December 2, 2005 This morning I was doing yet another idle google for 'Maine watercolors' to see if my site would come up in the top 20 search results yet. No. (I know, top 20 is pretty meaningless - who would go that deep to find Maine watercolors?) But whenever I do such a search I do check out anything that catches me eye. I cannot remember why I checked out the site of Maureen Mullarkey but thank goodness I did. And I don't remember how she connects to Maine watercolors. (She's written reviews of various Maine artists.) But her site and her painting just floored me. She paints the figure with such a strong sense of the magical. The paintings are modern day versions of Medieval Art. I am so inspired because this is a vein of imagery/painting that I've left aside for so long and looking at her paintings I'm longing to return and feel quite moved to do so. In any case I start at least by writing this here.
And that reminds me - the other day I got a call from a dear long lost friend, Susan L. Schmidt. She is a painter who lives in Mexico City. I told her I've been googling for her work for ages and can hardly find it. She does have a website, Schmidteditions.com, and her work is also magical and figurative but more surrealistic. Her most recent work seems to have a strong connection to the artist Rene Magritte.

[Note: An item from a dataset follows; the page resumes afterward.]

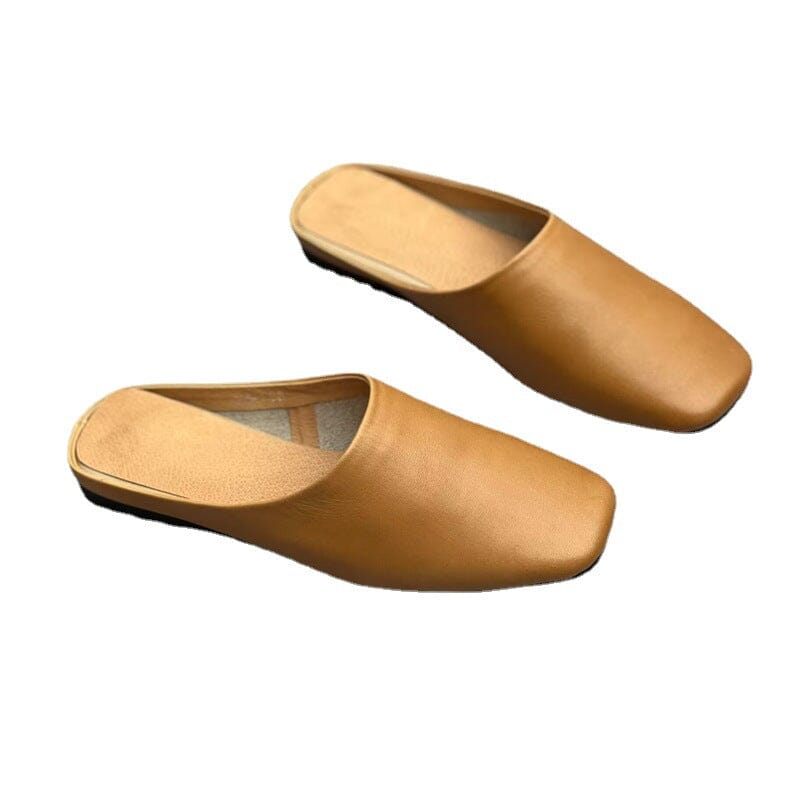Women Summer Retro Solid Leather Mule Slippers Apr 2023 New Arrival 
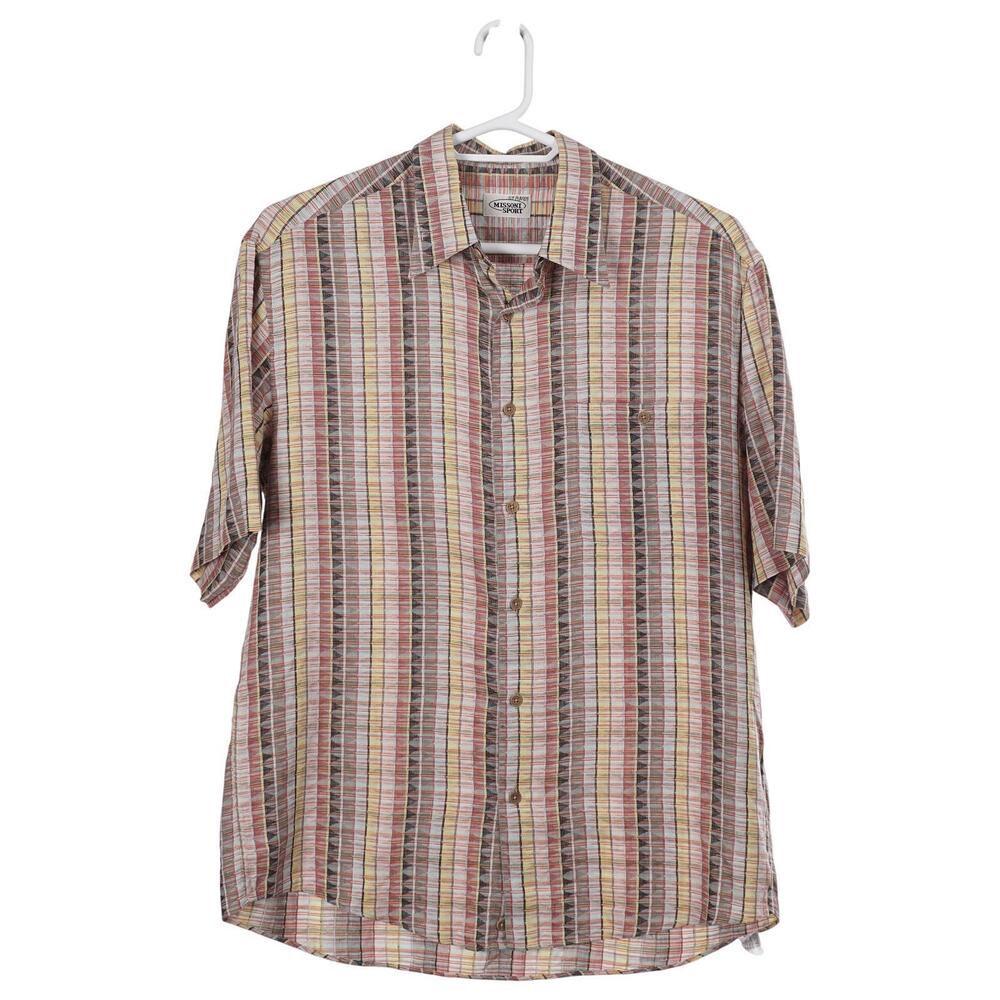VTG Missoni Sport Shirt Men L Striped Geometric Linen Short Sleeve Made in Italy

Having Magritte on my mind therefore, the other day in the cafe we go to after the watercolor class I teach, a book on Magritte caught my eye. (They now have a bookshelf from which to browse and/or buy) I took down the book and came upon his paintings "This is not a Pipe" and "This is not an Apple". The paintings, and his commentary about them, I thought would be such perfect illustrations for my students of this issue that I'm having such a hard time communicating....
February 20, 2006 ...But now I cannot express exactly what that connection is. That is why I have left this post as a draft for 2 1/2 months. I've been hoping it would come to me. And now I put it to you dear reader (should there be any of you) to leave a comment.
October 25, 2008 - More than two years later, in hopes that I can clarify the connections. Magritte means with his pipe and apple paintings that the painting is not real, it is an illusion. My students want so much to paint something that is 'real'. Until one understands that the 'realness' of something comes from another plane than that which makes the illusion of realness, one cannot hope to convey any kind of realness. Capture spirit and magic first because only that is truly real. I'm still not getting this in words. So be it.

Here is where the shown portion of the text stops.